+++ Source material
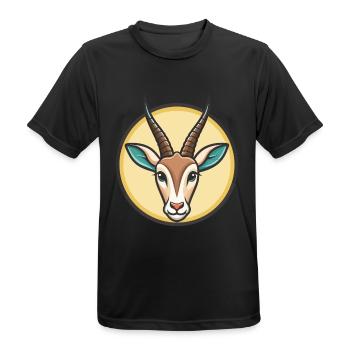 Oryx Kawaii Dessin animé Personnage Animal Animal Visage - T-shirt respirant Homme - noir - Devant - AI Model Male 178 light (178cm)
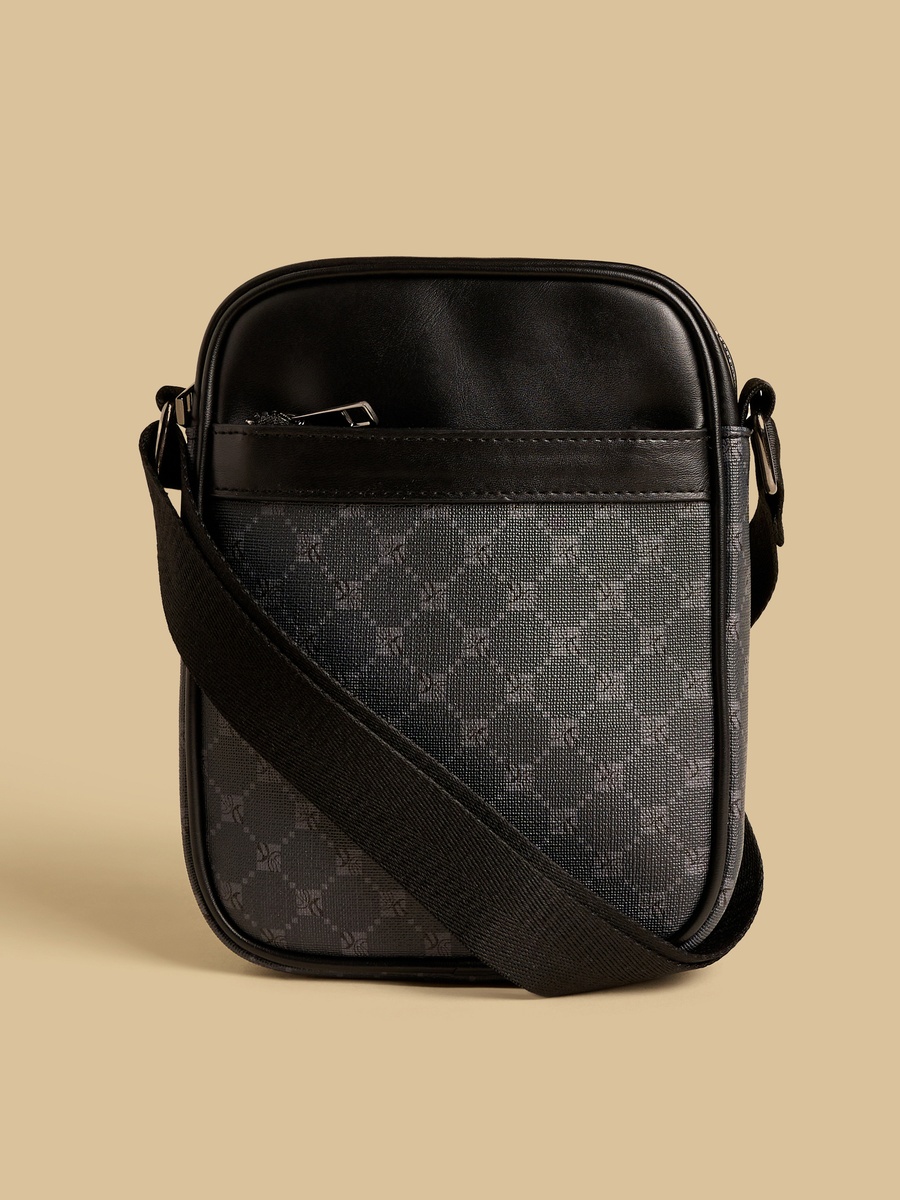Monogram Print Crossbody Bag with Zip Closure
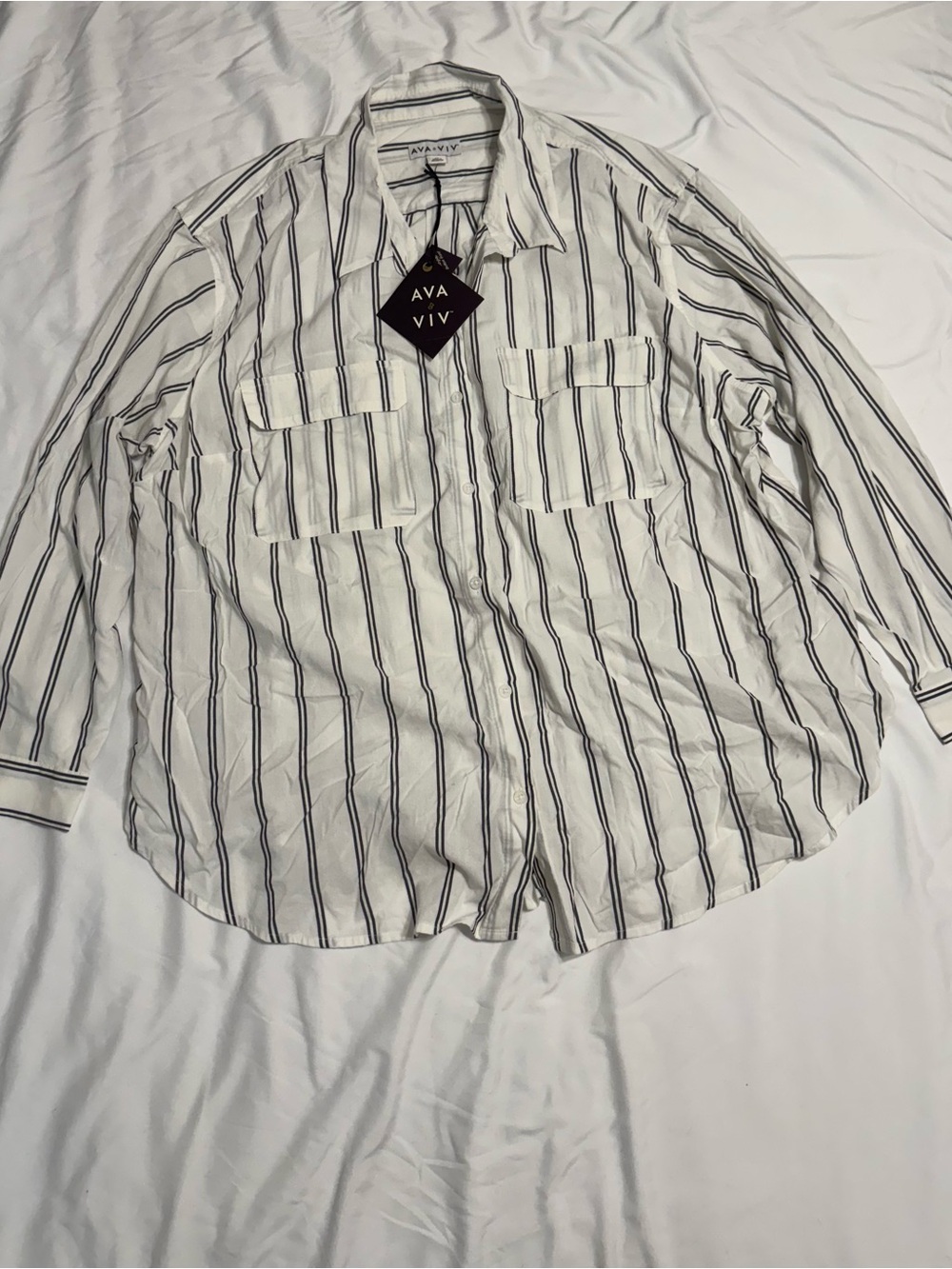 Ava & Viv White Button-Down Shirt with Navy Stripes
++++++
--- What to work on ---
Write out the data once more exactly, omitting the pictures.

--- Task output ---
 Oryx Kawaii Dessin animé Personnage Animal Animal Visage - T-shirt respirant Homme - noir - Devant - AI Model Male 178 light (178cm)
Monogram Print Crossbody Bag with Zip Closure
 Ava & Viv White Button-Down Shirt with Navy Stripes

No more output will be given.